The Lutheran Wreath of Christ, invented by Martin Lönnebo, Bishop Emeritus of the Diocese of Linköping of the Swedish Lutheran Church, is a set of 18 beads, some round and some elongated, arranged in an irregular pattern. Each one has its own significance as a stimulus and reminder for meditation, although they can also be used for repetitive prayer.

In the mid-1980s, Anglican prayer beads were developed in the Protestant Episcopal Church in the United States, originating in the Diocese of Texas. The set consists of 33 beads (representing the 33 years of the life of Christ) arranged in four groupings of symbolic significance. 

While there are liturgical churches using prayer beads in prayer, non-liturgical Christian churches do not use them.

Islam 

In Islam, prayer beads are referred to as Misbaha (Arabic: مسبحة mas'baha ), Tasbih or Sibha and contain 99 normal-sized beads, (corresponding to the Names of God in Islam) and two smaller or mini beads separating every 33 beads. Sometimes only 33 beads are used, in which case one would cycle through them three times. The beads are traditionally used to keep count while saying the prayer. The prayer is considered a form of dhikr that involves the repetitive utterances of short sentences in the praise and glorification of Allah, in Islam.

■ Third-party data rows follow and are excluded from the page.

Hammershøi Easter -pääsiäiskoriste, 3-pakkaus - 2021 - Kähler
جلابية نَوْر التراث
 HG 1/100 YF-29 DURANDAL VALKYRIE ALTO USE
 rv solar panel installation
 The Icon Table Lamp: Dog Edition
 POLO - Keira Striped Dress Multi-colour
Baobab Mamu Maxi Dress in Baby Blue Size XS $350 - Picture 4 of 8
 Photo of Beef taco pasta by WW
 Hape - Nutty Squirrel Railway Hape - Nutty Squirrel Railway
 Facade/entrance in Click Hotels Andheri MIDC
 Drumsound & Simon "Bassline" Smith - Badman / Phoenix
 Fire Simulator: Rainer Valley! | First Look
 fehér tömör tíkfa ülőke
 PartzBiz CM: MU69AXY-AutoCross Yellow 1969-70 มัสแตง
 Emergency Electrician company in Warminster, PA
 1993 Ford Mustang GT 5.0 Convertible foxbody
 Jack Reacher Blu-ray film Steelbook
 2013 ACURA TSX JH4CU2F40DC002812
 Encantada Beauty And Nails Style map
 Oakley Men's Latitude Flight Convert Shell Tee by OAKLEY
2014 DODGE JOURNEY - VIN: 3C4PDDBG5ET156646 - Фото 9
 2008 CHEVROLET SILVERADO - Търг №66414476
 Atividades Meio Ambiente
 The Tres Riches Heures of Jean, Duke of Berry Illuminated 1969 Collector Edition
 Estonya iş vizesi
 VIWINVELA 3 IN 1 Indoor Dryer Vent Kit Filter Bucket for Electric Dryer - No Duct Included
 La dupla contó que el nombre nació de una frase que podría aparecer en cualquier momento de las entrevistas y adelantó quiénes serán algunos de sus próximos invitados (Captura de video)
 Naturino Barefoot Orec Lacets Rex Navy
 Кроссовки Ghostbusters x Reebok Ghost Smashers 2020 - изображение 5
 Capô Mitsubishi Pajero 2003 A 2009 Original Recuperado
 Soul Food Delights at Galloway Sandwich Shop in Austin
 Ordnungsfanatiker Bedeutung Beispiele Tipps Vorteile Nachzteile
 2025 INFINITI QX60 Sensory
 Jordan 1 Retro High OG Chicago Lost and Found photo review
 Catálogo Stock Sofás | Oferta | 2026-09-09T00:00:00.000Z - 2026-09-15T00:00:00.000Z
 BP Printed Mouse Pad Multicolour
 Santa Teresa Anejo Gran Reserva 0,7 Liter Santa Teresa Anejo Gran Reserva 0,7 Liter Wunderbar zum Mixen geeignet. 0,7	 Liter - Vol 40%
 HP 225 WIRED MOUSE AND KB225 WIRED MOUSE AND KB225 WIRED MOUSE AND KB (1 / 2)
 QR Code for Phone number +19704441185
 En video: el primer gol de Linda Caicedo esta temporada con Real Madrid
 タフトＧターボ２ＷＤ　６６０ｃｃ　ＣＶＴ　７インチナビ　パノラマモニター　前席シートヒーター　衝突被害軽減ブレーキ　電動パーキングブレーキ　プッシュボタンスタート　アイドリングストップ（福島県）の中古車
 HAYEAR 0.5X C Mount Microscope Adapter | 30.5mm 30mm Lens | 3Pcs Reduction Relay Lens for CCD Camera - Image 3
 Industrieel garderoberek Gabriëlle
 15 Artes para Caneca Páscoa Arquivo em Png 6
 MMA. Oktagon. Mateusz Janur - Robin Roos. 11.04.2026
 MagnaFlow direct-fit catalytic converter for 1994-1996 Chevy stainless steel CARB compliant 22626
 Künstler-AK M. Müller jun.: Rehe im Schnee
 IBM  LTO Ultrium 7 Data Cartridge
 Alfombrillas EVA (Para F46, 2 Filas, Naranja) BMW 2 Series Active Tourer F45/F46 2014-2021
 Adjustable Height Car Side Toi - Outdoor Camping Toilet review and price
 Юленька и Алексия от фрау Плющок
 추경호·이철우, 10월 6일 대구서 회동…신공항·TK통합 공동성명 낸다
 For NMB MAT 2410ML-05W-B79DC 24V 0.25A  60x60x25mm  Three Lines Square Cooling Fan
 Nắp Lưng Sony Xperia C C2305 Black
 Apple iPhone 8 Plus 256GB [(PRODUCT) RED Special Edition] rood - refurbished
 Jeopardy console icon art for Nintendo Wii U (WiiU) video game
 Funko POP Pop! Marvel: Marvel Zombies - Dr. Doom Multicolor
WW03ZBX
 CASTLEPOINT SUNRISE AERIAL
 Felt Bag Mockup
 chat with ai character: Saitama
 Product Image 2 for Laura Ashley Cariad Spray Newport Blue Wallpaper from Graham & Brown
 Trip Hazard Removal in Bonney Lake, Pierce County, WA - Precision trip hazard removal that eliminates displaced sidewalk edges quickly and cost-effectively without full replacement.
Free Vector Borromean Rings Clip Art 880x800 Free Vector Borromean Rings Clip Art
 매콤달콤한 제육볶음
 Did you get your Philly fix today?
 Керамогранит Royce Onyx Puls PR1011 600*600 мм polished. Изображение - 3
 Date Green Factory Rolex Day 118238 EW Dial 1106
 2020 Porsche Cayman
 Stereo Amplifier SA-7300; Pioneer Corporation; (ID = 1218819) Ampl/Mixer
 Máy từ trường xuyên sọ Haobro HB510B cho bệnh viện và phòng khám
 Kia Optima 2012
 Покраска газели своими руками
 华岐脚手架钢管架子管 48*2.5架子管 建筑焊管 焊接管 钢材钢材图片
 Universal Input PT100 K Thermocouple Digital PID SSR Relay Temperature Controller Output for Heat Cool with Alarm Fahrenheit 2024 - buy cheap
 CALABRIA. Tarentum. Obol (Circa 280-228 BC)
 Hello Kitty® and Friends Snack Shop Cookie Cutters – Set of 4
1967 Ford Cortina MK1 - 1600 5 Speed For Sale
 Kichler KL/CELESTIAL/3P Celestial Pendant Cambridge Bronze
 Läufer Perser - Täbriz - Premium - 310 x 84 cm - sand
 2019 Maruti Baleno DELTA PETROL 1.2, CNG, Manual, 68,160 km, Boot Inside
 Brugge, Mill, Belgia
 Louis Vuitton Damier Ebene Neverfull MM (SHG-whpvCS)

The prayer is recited as follows: 33 times "Subhan Allah" (Glory be to God), 33 times "Al-hamdu lilah" (Praise be to God), and 34 times "Allahu Akbar" (God is the greatest) which equals 100, the number of beads in the misbaha.

To keep track of counting either the phalanges of the right hand or a misbaha is used. Use of the misbaha to count prayers and recitations is considered an acceptable practice within mainstream Islam. While they are widely used today in Sunni and Shia Islam, adherents of the Salafi sects shun them as an intolerable innovation.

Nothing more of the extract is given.